It’s pretty rich hearing the critics say that no one listens to their critiques of society, economics or politics because the critiques strike at the heart of the power structures–patriarchy, hierarchy, capitalism, racism, fascism, imperialism, militarism, colonialism. News flash: No one listens because the critiques come with how-to details erased. Even bearing-witness is more policy relevant than critiques when the latter fail to recognize the former is the only option left.
Another critique gets my derision: “What’s the problem here—people aren’t as poor as before?” Who though can refute a sneer? asked a critic of Gibbons’ Rise and Fall of the Roman Empire.
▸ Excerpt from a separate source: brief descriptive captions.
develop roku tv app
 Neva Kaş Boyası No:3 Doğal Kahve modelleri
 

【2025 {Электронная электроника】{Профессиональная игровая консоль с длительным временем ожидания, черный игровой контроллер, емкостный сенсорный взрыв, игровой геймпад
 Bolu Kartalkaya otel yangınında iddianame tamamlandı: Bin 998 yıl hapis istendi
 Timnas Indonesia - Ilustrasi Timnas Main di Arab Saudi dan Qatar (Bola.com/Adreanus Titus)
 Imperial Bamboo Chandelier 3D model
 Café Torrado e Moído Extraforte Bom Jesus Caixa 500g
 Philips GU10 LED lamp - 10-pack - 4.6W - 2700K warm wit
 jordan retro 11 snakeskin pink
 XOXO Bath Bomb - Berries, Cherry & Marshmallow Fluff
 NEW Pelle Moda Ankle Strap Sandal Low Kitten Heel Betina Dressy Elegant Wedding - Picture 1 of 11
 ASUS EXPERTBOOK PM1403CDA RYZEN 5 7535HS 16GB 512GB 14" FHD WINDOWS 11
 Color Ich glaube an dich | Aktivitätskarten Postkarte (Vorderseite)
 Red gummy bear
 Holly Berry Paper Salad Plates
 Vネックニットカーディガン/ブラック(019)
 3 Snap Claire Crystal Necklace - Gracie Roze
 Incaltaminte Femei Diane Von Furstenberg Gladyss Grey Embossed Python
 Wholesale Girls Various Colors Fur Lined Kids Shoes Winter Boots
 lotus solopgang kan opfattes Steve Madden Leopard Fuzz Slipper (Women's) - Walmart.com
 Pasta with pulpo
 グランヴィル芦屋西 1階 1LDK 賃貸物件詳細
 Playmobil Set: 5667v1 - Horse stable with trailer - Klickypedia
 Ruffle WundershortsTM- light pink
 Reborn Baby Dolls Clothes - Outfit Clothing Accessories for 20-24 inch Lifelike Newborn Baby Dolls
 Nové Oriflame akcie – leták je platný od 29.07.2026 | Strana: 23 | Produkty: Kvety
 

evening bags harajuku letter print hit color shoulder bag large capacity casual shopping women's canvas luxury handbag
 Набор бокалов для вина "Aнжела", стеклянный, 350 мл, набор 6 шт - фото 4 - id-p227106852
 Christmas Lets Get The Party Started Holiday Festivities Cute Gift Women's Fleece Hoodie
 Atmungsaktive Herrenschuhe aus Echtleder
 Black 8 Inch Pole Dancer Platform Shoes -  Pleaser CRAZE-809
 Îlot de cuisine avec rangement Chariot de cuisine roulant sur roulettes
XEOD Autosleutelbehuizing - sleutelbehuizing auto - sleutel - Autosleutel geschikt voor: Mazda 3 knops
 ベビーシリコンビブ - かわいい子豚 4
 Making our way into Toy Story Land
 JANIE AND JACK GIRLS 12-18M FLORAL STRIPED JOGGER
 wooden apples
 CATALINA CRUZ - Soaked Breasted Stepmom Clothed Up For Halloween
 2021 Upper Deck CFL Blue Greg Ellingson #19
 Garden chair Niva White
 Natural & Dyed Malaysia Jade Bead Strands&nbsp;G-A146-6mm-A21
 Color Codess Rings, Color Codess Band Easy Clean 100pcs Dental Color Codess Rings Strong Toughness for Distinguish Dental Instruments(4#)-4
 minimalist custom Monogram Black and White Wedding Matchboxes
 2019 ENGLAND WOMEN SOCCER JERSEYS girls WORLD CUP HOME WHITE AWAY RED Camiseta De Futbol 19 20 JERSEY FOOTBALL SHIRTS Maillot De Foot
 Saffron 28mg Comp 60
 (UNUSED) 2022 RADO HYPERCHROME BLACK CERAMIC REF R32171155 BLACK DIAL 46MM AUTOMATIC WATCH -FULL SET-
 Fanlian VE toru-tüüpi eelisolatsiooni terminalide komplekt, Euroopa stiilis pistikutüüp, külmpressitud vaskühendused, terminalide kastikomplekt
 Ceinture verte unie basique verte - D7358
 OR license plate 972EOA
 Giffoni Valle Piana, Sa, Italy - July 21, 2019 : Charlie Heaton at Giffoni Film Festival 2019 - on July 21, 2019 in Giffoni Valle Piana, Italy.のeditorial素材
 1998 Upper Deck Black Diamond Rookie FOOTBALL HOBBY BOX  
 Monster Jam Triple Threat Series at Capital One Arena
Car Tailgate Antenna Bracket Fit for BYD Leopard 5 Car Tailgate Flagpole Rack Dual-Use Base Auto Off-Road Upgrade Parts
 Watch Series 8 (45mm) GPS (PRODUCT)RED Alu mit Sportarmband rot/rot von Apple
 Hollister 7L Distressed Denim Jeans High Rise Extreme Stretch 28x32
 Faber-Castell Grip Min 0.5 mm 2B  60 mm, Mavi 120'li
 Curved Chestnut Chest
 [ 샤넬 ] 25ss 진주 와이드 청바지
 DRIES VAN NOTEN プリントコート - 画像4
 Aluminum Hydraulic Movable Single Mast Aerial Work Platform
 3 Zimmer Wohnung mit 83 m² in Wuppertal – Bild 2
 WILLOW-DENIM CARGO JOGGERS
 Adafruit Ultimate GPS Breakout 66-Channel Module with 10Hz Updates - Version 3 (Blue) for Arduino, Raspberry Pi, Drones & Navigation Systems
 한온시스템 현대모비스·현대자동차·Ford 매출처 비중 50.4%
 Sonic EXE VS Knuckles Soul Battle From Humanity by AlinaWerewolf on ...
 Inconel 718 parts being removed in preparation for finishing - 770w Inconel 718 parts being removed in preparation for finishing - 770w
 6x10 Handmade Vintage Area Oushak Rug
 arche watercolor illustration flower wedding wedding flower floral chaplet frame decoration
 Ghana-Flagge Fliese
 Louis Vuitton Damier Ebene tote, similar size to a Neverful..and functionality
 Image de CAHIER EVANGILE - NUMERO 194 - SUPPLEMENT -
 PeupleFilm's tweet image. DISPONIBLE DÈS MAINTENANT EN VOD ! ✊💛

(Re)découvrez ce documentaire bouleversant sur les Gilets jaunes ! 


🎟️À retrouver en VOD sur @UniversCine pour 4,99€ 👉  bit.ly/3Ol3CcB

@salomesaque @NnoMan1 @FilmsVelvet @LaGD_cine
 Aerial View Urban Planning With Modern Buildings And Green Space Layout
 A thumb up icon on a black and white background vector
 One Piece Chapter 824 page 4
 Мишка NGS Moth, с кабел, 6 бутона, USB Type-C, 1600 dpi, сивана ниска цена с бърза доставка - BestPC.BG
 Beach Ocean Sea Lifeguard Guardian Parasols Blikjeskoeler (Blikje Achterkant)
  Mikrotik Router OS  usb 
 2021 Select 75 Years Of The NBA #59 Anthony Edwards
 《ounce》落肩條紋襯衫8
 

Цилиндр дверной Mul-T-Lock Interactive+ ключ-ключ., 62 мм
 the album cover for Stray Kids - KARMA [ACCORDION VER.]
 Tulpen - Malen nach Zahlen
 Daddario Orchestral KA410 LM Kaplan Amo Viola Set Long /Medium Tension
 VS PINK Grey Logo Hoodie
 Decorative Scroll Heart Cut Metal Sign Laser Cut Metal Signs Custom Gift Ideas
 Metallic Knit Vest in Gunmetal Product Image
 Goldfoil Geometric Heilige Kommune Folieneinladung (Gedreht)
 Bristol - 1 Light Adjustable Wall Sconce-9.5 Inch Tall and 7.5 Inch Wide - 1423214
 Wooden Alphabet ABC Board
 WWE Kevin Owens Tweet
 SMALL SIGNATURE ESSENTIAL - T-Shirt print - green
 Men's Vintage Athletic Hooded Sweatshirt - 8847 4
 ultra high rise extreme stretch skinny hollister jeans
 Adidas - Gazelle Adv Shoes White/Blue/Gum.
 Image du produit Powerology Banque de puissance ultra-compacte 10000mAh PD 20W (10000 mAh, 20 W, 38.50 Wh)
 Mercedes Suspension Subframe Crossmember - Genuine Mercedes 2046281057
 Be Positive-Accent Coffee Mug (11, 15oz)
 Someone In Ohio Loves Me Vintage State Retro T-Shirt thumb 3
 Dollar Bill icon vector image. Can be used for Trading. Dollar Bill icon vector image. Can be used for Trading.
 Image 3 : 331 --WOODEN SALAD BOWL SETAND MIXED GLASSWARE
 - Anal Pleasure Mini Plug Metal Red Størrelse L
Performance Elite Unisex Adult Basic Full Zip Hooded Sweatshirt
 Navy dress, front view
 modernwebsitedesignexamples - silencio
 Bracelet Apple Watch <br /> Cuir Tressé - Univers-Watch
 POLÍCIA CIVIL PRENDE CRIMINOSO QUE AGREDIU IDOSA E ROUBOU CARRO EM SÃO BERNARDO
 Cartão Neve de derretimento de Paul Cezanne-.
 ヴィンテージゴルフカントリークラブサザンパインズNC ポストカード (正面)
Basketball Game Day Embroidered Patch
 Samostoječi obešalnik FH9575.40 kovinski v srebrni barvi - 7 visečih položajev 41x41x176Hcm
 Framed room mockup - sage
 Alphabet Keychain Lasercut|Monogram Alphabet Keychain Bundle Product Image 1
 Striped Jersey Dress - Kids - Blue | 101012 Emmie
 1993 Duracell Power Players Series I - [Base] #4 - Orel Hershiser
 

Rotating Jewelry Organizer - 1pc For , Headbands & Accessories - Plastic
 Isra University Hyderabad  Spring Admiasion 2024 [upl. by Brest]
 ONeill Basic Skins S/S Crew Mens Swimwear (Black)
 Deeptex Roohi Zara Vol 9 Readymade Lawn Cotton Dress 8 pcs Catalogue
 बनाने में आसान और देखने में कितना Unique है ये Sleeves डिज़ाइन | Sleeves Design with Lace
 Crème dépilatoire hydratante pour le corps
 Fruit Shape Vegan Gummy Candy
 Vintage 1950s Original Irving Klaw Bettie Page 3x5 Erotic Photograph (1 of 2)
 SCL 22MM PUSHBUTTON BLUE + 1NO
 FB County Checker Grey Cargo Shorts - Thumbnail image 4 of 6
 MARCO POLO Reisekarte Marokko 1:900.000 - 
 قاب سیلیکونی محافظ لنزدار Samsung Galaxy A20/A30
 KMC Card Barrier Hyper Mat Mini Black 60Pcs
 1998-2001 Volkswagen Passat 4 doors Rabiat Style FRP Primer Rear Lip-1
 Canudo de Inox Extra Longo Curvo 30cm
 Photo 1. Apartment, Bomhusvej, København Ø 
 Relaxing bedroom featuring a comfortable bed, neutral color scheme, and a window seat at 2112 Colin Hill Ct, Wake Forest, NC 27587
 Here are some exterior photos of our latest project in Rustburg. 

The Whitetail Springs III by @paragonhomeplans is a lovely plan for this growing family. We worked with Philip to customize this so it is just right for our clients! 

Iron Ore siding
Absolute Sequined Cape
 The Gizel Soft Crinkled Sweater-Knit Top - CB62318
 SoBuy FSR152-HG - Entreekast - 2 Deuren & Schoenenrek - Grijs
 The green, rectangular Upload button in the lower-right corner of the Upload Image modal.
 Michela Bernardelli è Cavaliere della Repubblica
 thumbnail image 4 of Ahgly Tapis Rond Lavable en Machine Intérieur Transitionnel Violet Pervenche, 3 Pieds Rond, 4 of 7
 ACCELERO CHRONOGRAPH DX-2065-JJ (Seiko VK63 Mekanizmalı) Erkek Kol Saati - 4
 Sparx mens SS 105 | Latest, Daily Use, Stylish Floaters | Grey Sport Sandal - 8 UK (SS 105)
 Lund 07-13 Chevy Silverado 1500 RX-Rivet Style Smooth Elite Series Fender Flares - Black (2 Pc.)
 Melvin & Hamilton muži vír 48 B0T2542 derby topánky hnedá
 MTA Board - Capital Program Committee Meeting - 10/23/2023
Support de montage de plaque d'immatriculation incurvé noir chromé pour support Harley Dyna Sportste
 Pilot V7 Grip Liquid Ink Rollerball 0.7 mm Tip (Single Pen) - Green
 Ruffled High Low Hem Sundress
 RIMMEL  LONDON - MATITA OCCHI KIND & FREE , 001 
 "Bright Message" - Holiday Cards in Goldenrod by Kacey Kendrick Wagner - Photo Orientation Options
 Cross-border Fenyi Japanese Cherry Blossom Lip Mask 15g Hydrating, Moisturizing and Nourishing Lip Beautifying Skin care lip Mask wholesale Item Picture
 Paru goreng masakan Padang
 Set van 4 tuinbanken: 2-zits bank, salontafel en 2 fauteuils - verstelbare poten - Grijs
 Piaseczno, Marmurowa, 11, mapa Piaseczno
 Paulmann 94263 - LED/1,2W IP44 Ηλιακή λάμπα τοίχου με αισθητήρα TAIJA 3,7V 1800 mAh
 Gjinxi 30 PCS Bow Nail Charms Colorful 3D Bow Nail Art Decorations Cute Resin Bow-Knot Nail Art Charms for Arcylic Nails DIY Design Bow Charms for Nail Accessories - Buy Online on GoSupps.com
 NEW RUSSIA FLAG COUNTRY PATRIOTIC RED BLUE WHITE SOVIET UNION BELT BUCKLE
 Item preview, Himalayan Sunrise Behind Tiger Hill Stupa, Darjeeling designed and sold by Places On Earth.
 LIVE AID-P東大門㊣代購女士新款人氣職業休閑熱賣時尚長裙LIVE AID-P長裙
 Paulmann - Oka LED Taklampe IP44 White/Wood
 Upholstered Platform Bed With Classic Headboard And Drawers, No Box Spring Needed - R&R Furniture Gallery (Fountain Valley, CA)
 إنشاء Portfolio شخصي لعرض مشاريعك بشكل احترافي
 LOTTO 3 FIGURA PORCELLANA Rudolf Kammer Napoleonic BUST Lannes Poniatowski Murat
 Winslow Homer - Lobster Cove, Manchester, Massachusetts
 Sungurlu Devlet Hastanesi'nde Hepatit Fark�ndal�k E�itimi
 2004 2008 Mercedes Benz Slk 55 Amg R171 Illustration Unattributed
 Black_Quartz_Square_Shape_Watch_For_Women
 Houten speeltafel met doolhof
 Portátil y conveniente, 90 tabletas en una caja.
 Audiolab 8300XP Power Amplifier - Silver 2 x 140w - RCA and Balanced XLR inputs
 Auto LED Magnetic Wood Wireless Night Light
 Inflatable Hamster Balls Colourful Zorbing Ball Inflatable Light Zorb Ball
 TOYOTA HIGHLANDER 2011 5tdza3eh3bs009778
“When is inventing the ship not also inventing the eventual shipwreck? Answer: “When sailing the ship across a variety of conditions proves to be reliable in real time, right now when it matters.”
What drives me up the wall is the emphatically and inescapably unidirectional decline being described as if there were no cultural gain from economic imperatives. Certainly, the ubiquitous “coping” implies little, if no, gain, notwithstanding how ingenious the improvisation and learning. And how could there be, when the critics’ culture comes from past legacies of empire and colonialism into a present and future that are, in every nook and cranny, capitalist–or worse imperialist–through and through, again and again.
Are others struck by the incongruity between a present narrativized by one group as all but a modern Plague of Cyprian (bringing virtually everything to an end as in the Roman Empire before) and the demand by many in the same group to dismantle narratives, demystify myths, and dispel imaginaries all in the name of that being a Good Thing, a manufactured realism as empyrean cosmopolitanism?